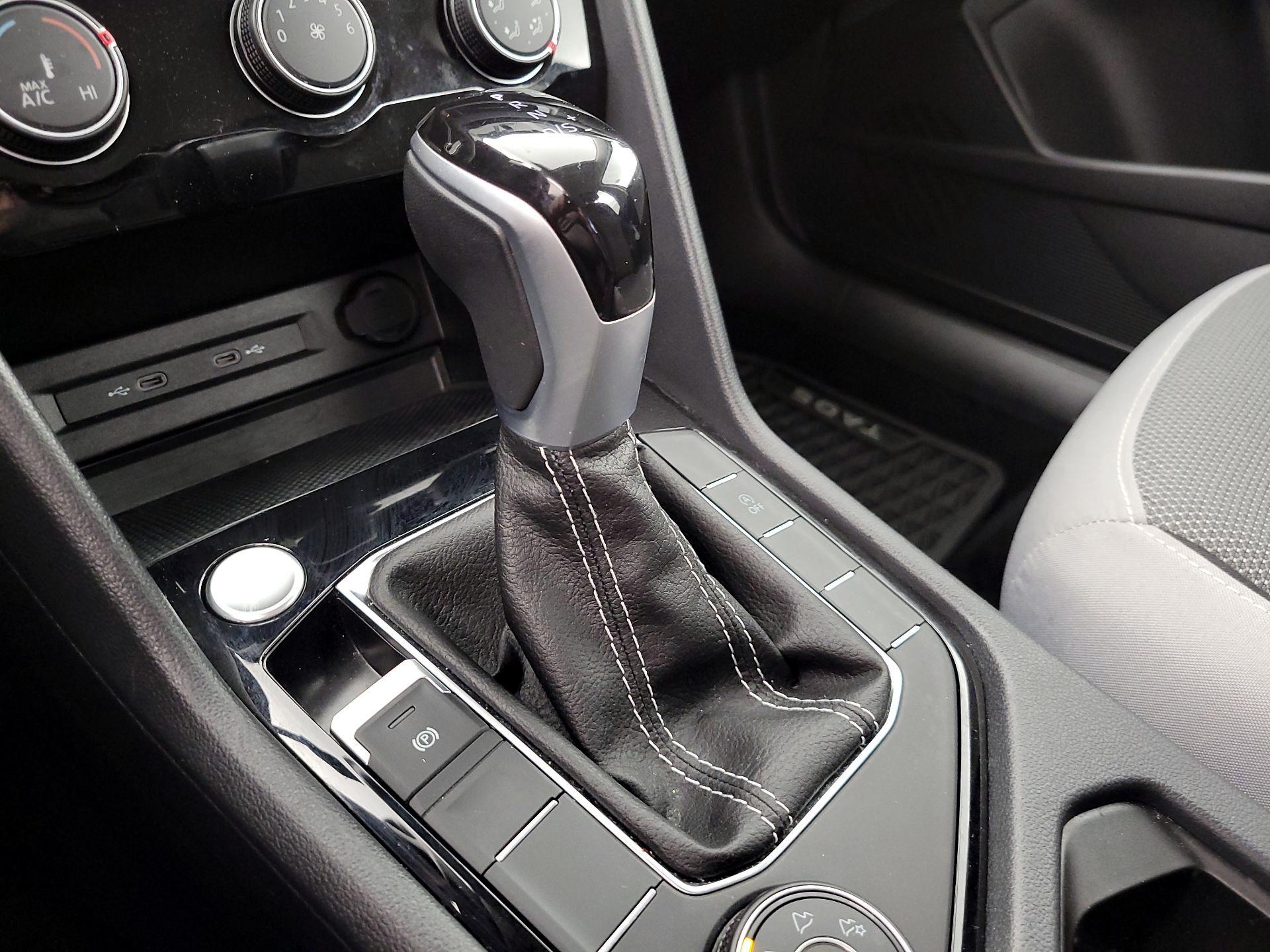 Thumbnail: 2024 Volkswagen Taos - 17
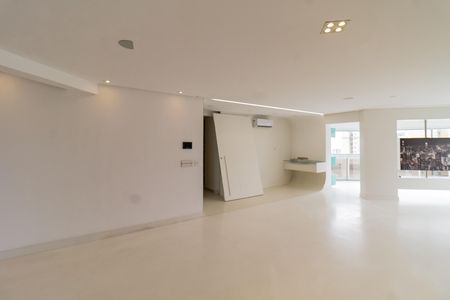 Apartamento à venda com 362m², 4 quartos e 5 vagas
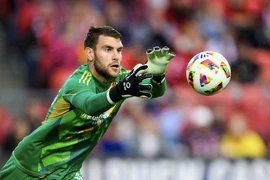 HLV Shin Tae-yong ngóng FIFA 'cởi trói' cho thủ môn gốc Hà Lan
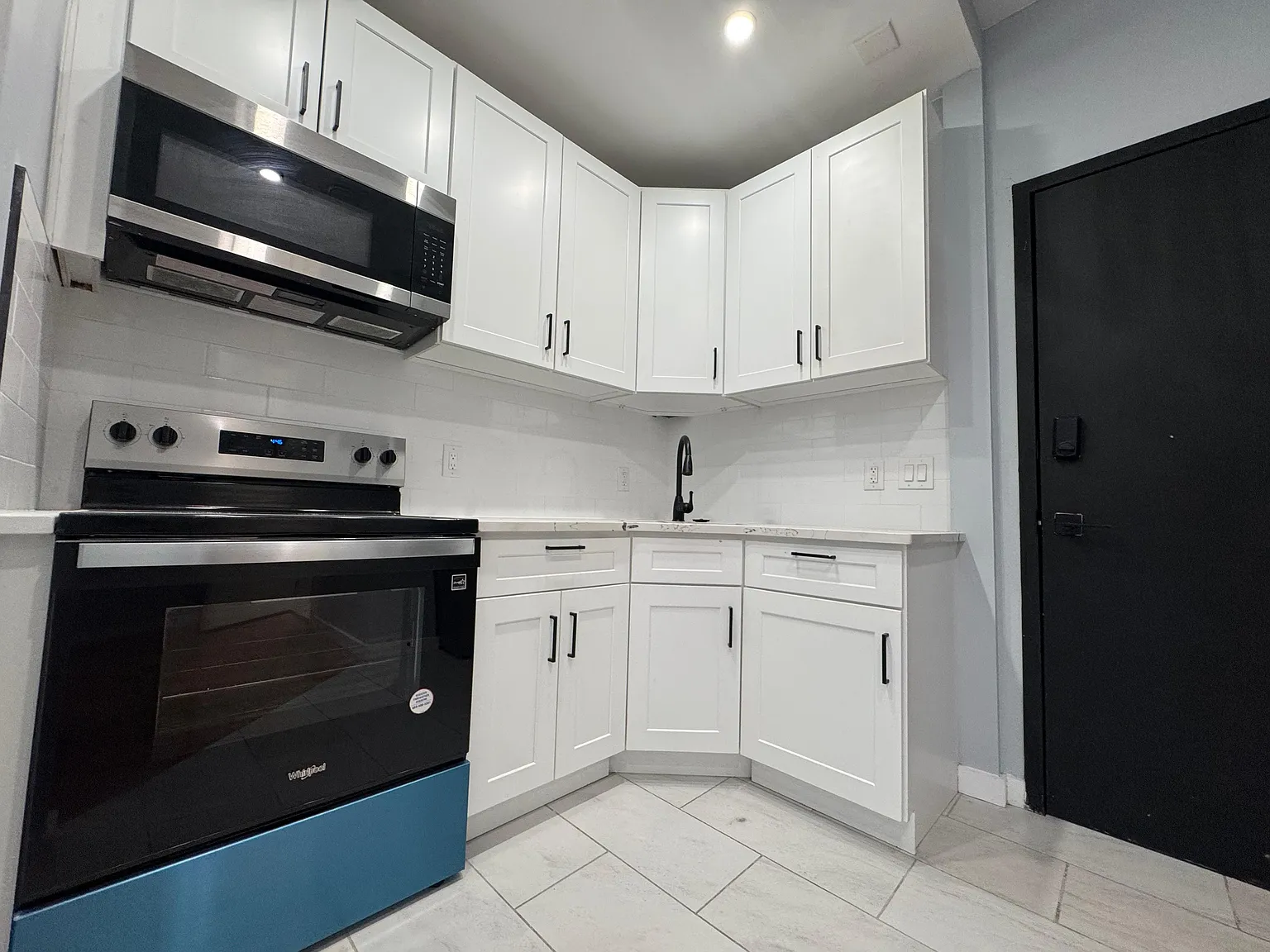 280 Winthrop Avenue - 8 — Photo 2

==============================

Your assignment - Would you please give the material above again, unchanged but without pictures?

Problem solution -
 Thumbnail: 2024 Volkswagen Taos - 17
 Apartamento à venda com 362m², 4 quartos e 5 vagas
 HLV Shin Tae-yong ngóng FIFA 'cởi trói' cho thủ môn gốc Hà Lan
 280 Winthrop Avenue - 8 — Photo 2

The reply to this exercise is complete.